(Saved entries)
========================================================================
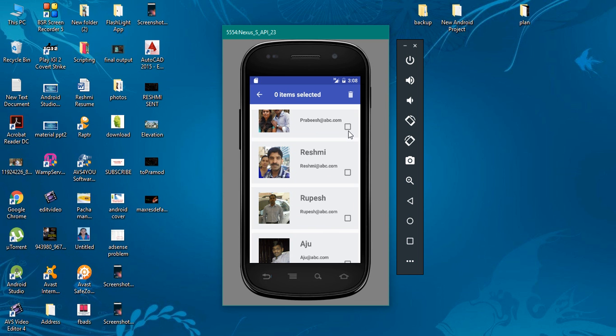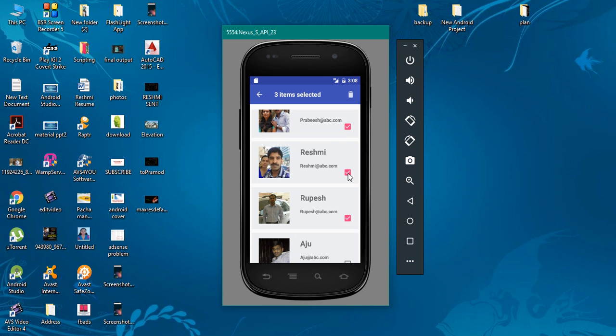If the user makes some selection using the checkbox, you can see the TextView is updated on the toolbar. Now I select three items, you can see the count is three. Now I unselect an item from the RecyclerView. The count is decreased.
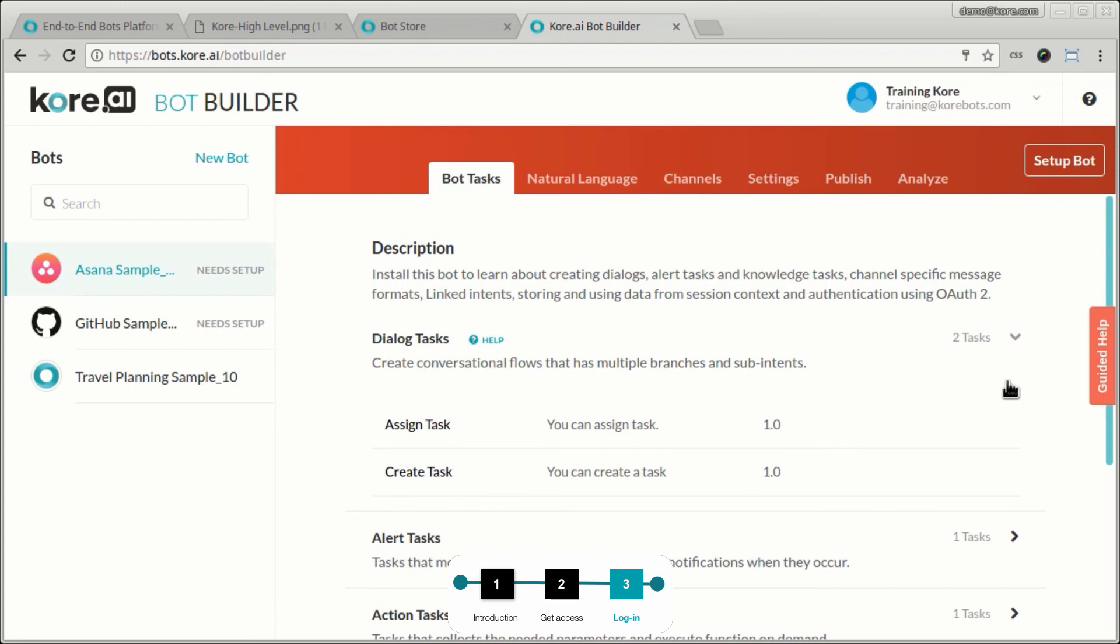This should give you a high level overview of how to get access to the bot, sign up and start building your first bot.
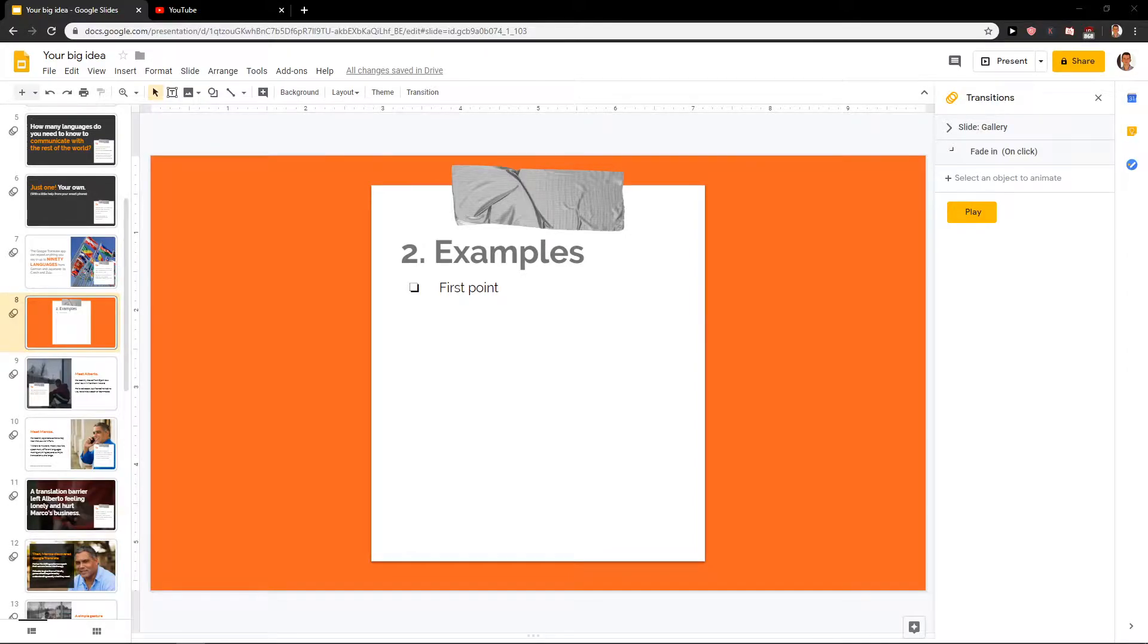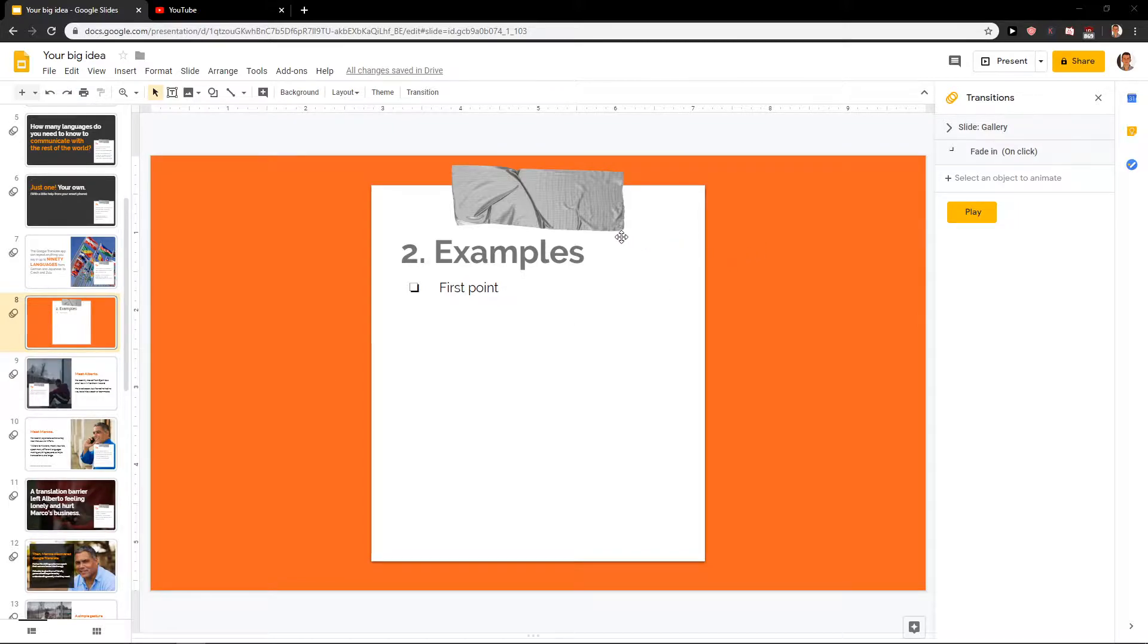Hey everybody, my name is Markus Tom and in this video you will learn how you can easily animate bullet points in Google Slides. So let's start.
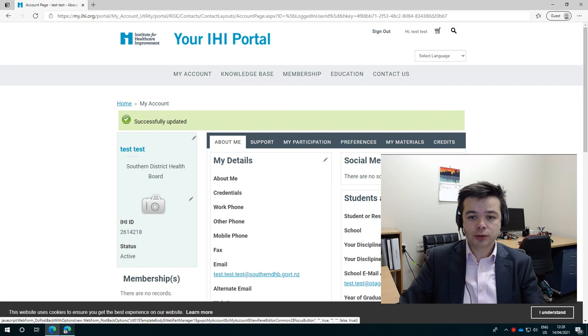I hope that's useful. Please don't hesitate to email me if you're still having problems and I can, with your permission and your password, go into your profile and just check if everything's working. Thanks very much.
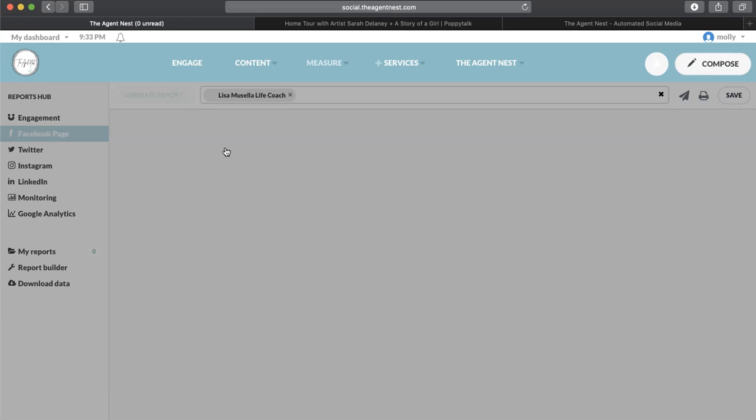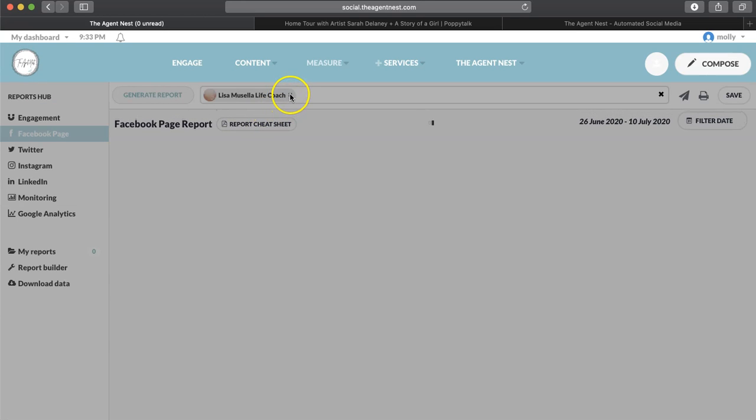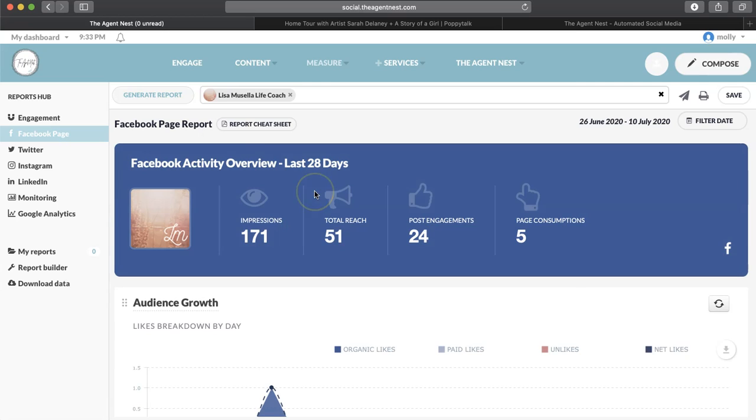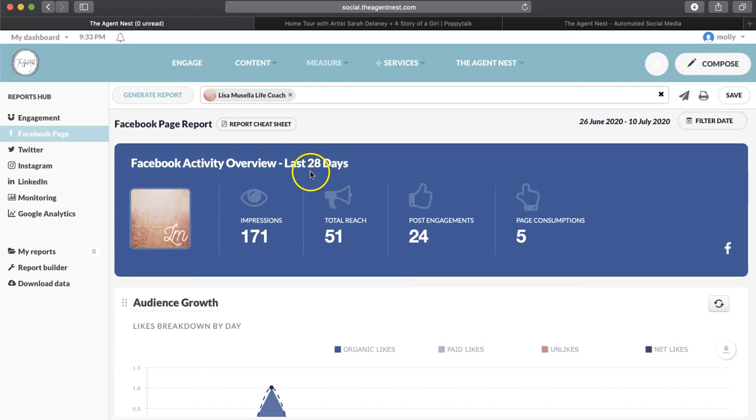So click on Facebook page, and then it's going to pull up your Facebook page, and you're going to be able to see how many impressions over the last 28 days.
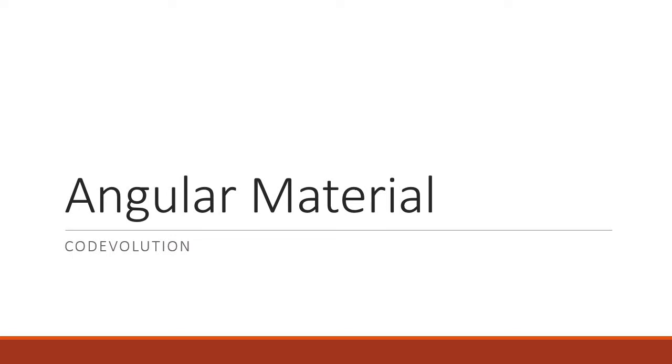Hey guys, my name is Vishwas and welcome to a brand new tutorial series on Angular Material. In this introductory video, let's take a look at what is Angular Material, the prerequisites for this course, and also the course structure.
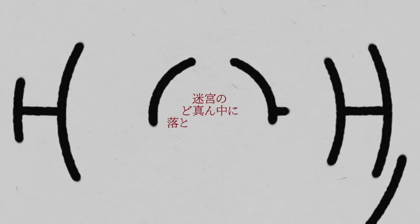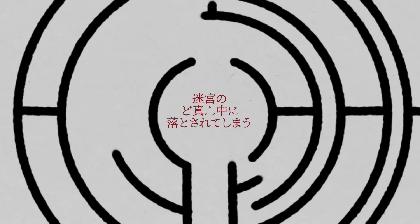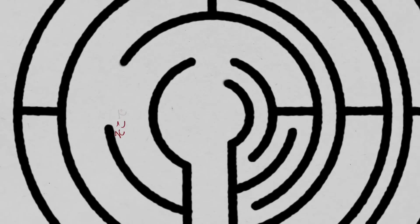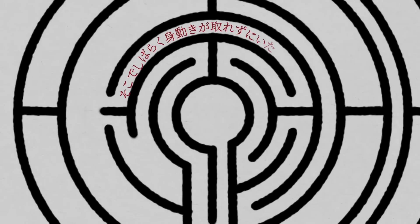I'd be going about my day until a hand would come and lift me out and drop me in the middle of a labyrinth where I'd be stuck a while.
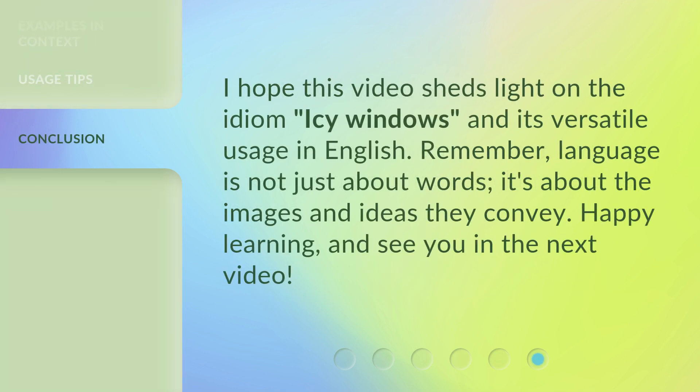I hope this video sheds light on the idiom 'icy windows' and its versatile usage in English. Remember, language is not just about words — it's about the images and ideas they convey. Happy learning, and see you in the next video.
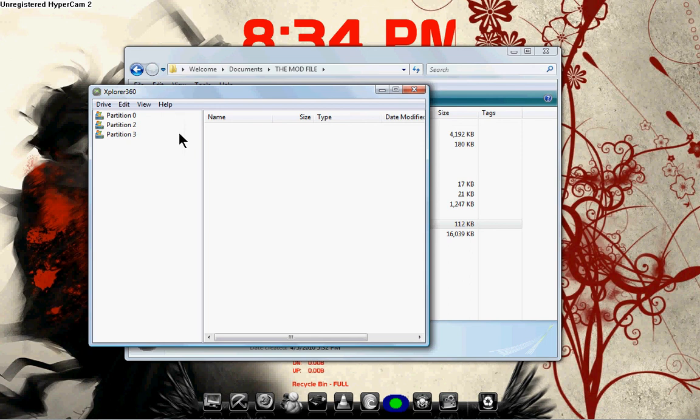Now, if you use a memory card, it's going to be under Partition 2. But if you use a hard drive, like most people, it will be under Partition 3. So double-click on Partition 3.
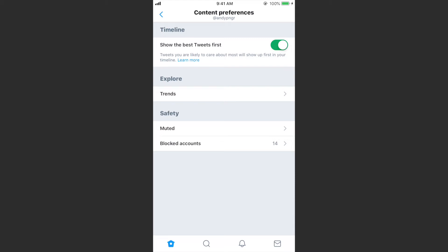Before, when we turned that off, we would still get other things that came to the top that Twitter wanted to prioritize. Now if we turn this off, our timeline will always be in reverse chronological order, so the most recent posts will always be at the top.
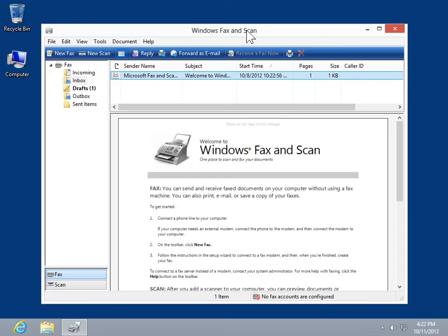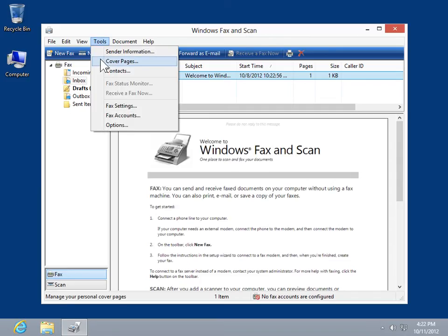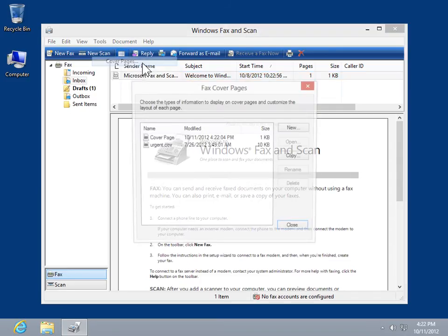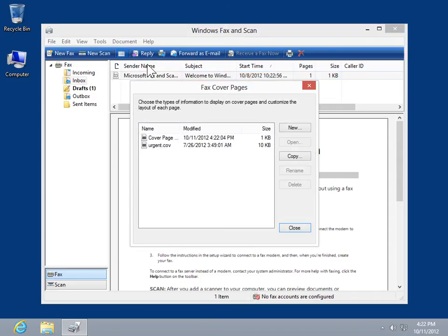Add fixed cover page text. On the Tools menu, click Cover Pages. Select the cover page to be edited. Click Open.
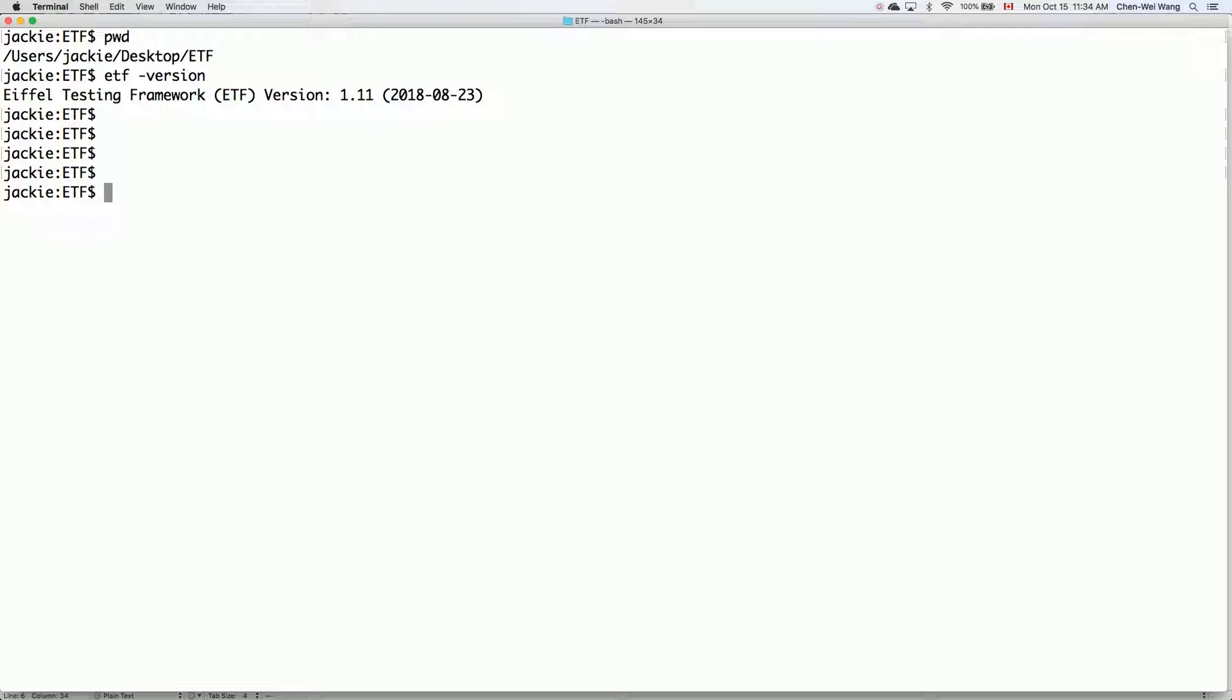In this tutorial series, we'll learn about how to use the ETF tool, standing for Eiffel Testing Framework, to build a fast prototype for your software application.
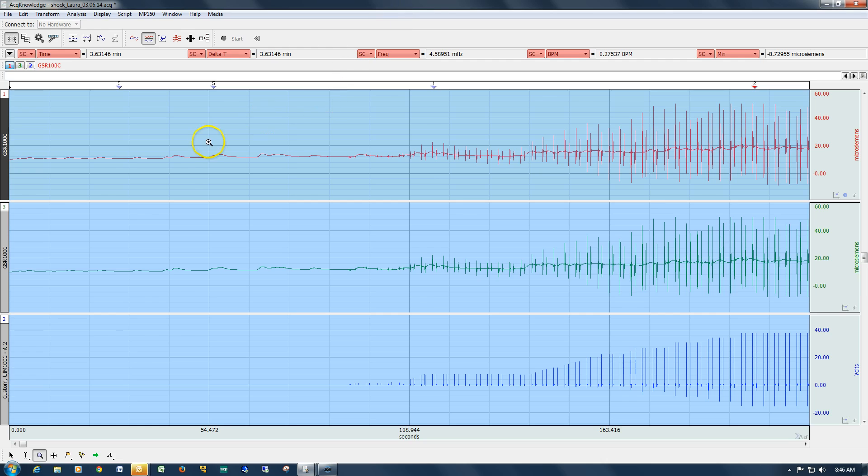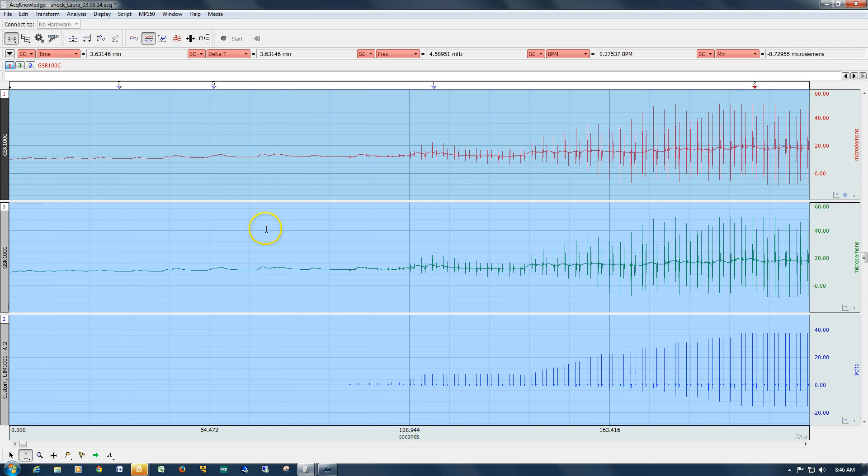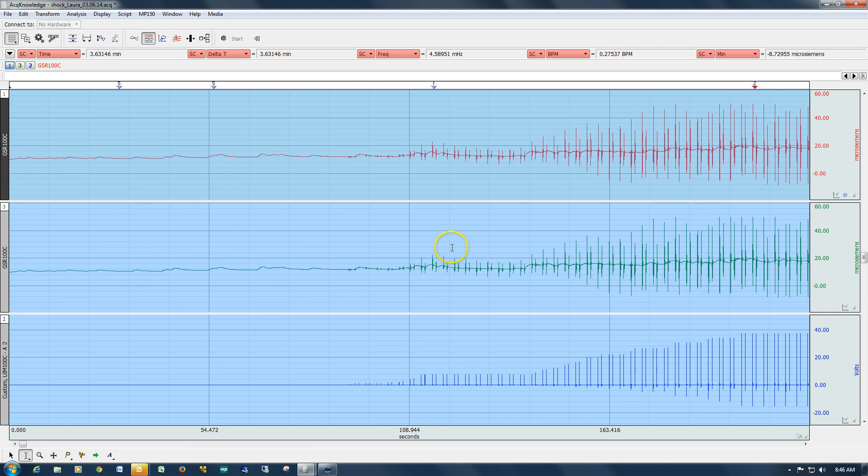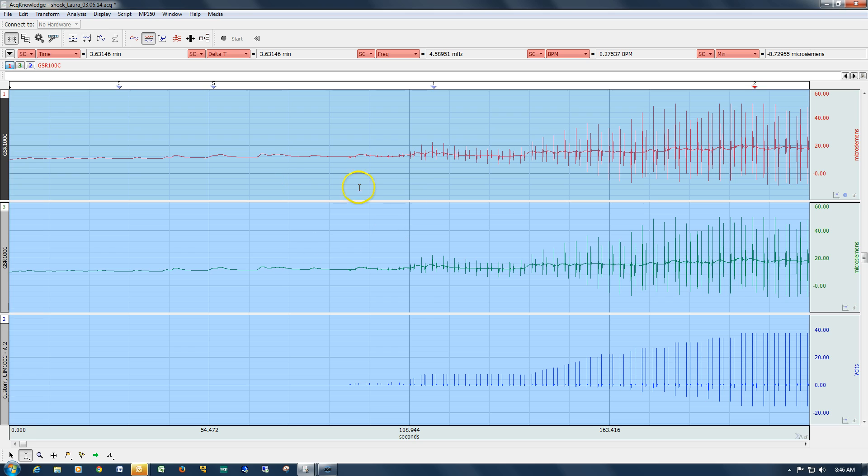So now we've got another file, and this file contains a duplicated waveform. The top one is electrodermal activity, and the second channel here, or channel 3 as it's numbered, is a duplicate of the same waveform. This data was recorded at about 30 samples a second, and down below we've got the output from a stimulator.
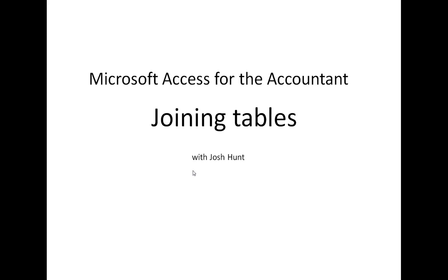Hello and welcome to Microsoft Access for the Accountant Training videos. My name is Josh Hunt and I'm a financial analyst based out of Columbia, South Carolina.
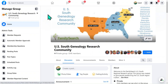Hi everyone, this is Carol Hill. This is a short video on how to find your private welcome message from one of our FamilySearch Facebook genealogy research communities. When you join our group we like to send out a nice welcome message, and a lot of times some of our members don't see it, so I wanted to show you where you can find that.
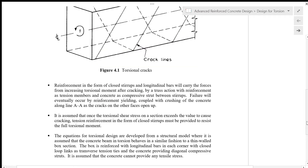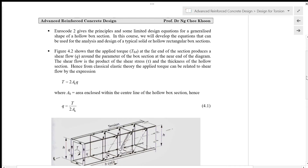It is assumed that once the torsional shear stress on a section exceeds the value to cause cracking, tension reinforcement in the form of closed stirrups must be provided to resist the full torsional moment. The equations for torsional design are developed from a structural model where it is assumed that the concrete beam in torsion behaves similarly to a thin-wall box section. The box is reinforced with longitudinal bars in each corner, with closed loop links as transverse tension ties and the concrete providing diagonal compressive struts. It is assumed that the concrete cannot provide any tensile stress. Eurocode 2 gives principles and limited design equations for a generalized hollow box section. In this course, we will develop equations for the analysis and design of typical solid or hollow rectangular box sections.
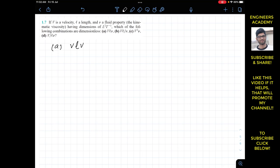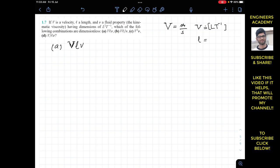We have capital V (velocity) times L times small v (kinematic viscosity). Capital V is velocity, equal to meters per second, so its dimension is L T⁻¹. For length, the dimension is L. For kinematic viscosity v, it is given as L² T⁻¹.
========================================================================
The answer should consist only of the lines above from the one with "Now, if you" through the one with "Add fixed cover", repeated exactly, with no pictures among them.

Now, if you use a memory card, it's going to be under Partition 2. But if you use a hard drive, like most people, it will be under Partition 3. So double-click on Partition 3.
Before, when we turned that off, we would still get other things that came to the top that Twitter wanted to prioritize. Now if we turn this off, our timeline will always be in reverse chronological order, so the most recent posts will always be at the top.
Add fixed cover page text. On the Tools menu, click Cover Pages. Select the cover page to be edited. Click Open.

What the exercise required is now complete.